Hardy piensa en Gaye, en sus inoportunas visitas esporádicas. ¡Qué desconcertantes podían ser esas apariciones repentinas! Aunque no eran más que sueños, ¿no?

—No, nunca. ¿Y usted, Mahalanobis?

—En la India —dice Mahalanobis— estas cosas se consideran… vamos a decir parte de la vida cotidiana. Mi abuela solía afirmar que tenía visiones. Una vez recibió un mensaje de las llamas del fuego. Una voz la avisó de que no visitara la casa de una vecina. Ella la obedeció, y ese mismo día, en la casa de la vecina, hubo un brote de tifus.

—Pudo ser pura coincidencia. O su abuela podría haber
creído
que había tenido esa visión, después de que se produjera el brote.

—En lo que a mí respecta, dicen que en ciertas habitaciones de King's hay fantasmas de los compañeros muertos. El invierno pasado puse una bufanda en el armazón de la cama una noche antes de acostarme. Por la mañana había desaparecido. Revolví toda la habitación buscándola. Supuse que me fallaba la memoria, que la habría dejado en el Hall o en el tren. Y entonces, este invierno, el primer día de frío, apareció otra vez perfectamente doblada en mi cajón.

—Bueno, podría haberla metido usted en el cajón y haberse olvidado.

—Abro ese cajón todos los días. No, sospecho que un fantasma necesitaba esa bufanda.

—Se supone que los fantasmas no tienen frío…

—Ése es el tipo de cosa sobre la que Sir Oliver nos habría hecho reflexionar.

Hardy se ríe.

—Así que ¿hablan de estas cosas cuando cenan juntos?
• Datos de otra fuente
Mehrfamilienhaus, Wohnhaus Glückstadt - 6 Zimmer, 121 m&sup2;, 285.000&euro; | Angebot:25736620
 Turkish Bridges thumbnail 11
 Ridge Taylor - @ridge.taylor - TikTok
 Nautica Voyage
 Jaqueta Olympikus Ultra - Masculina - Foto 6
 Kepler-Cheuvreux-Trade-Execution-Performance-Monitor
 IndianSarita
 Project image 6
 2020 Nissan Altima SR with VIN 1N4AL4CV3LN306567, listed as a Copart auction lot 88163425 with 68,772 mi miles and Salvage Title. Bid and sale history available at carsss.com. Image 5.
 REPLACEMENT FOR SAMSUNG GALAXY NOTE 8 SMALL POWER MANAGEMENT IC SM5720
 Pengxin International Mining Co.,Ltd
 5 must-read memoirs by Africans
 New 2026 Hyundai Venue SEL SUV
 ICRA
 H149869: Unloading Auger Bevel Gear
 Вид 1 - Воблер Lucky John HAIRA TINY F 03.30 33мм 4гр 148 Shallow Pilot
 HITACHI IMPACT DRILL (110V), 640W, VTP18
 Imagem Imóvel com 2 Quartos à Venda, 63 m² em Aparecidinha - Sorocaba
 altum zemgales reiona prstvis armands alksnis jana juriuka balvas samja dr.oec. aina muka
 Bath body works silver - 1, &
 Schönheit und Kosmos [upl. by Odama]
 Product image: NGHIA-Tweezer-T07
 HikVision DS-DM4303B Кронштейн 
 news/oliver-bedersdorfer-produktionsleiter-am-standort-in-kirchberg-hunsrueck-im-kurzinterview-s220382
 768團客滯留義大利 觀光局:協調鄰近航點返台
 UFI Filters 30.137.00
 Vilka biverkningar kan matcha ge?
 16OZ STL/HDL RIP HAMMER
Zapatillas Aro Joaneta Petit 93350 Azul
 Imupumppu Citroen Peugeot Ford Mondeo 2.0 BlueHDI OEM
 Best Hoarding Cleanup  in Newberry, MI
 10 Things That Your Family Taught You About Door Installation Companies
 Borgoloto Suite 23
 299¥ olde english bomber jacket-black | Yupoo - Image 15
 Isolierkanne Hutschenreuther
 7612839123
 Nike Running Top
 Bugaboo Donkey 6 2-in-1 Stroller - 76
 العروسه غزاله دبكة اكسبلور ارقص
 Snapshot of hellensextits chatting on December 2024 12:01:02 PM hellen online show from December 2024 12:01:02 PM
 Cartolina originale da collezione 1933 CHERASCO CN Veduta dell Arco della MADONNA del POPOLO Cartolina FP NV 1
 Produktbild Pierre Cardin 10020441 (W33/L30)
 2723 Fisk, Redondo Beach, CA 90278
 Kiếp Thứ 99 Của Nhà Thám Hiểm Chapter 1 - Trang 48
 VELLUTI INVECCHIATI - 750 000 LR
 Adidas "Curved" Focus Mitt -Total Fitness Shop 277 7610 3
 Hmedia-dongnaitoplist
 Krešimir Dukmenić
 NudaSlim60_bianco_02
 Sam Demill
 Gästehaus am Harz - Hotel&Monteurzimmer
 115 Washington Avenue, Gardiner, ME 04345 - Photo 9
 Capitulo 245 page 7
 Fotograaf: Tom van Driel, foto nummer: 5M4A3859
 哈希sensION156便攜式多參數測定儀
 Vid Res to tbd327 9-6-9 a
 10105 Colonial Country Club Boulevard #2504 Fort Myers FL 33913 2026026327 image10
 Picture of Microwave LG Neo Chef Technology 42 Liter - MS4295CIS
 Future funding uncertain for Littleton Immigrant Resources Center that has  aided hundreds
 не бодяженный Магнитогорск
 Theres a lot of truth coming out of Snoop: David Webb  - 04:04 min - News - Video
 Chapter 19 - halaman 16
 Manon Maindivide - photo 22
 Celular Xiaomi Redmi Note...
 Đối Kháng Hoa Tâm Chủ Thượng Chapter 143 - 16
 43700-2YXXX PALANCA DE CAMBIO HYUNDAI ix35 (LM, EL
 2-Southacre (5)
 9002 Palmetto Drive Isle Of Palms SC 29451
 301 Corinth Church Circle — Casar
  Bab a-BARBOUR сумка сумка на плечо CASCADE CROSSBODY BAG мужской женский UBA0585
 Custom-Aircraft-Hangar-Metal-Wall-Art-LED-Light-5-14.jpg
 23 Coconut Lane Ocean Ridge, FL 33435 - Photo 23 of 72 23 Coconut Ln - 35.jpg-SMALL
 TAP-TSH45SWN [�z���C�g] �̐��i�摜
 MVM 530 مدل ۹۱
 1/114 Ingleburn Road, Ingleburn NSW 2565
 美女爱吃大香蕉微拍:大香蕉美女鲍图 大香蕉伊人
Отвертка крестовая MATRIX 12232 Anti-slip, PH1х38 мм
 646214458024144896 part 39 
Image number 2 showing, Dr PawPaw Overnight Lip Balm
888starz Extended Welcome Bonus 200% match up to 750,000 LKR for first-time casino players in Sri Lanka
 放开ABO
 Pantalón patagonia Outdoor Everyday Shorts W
—Al principio Ananda Rao y yo éramos escépticos. Pero Ramanujan acabó convenciéndonos. ¿Sabe?, él también ha tenido ciertas… experiencias.

—¿Como por ejemplo?

—Dudo que le creyera.

—A ver.

Mahalanobis aparta la vista un momento, como tratando de decidir si contárselas a Hardy equivaldrá a una falta de lealtad. Luego dice:

—Está bien. Esto fue en Kumbakonam, antes de venir a Inglaterra. Una noche tuvo un sueño. Estaba en una casa que no conocía, y bajo una de las columnas de la veranda vio a un pariente lejano. El pariente estaba muerto, y su familia estaba de luto. Ahí se acabó el sueño, y él se olvidó de él hasta que cierto tiempo después tuvo ocasión de visitar al mismo pariente, que entonces estaba viviendo lejos de Kumbakonam. Imagínese su sorpresa cuando comprobó que la casa era la misma que había visto en su sueño; y no sólo eso, sino que había un paciente que estaba en tratamiento médico en la misma casa. Luego vio al hombre echado en un colchón bajo la misma columna que había visto en el sueño. Y el hombre murió allí mismo.

Hardy alza las cejas.

—Pero en la visión era su pariente el que se moría —dice—. No un desconocido en la casa del pariente.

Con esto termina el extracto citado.